By Cuomo's logic, why should New York pay at all? Have the federal government pay!
Thus is 21st-century life. We have a disaster, and no American can be expected to absorb any losses, to make any hard choices, or to be self-reliant in any but the most trivial ways. The risk is all on the government — and the federal government, too, because only the federal government can vomit up cash by the trillions. Even the state governments are reduced to the status of children. As I write, the governor of New York, Andrew Cuomo, is on CNN (his brother, Chris Cuomo, works there) arguing that the federal government needs to nationalize the production of medical equipment through a Truman-era law called the Defense Production Act. The government of New York wants to buy surgical masks and ventilators, and the other state governments have bid the price up. Governor Cuomo finds this very unfair. It is much fairer and more equitable, he believes, to compel entrepreneurs to supply as many masks and ventilators as the state declares it needs at a price the state deems fair to pay.

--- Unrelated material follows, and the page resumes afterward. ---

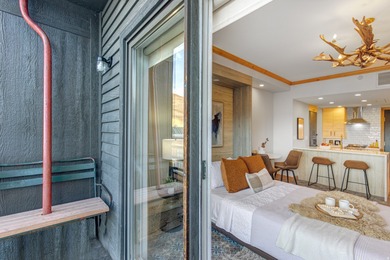 Fully remodeled in 2025 top-floor studio on Historic Main Street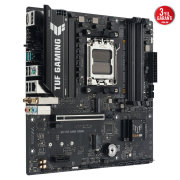 ASUS TUF GAMING A620AM-PLUS WIFI, 4xDDR5, 2x M.2, HDMI, 2xDP, Wi-Fi 6, Bluetooth v5.3, AM5 Soket GAMING Anakart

By his logic, why should New York pay at all? Have the federal government pay! Like Tom Toles’ elephant, the federal government has the money box. It’s a federal box. It can produce money for nothing, money that is a claim on the labor of you and me and our descendants; it can fling one trillion, two trillion, many trillions into the air and watch it flutter down to the sad victims on the ground. Drop it on Carnival Cruise Lines! Drop it on Andrew Cuomo! Drop it on me! We all wait to be saved.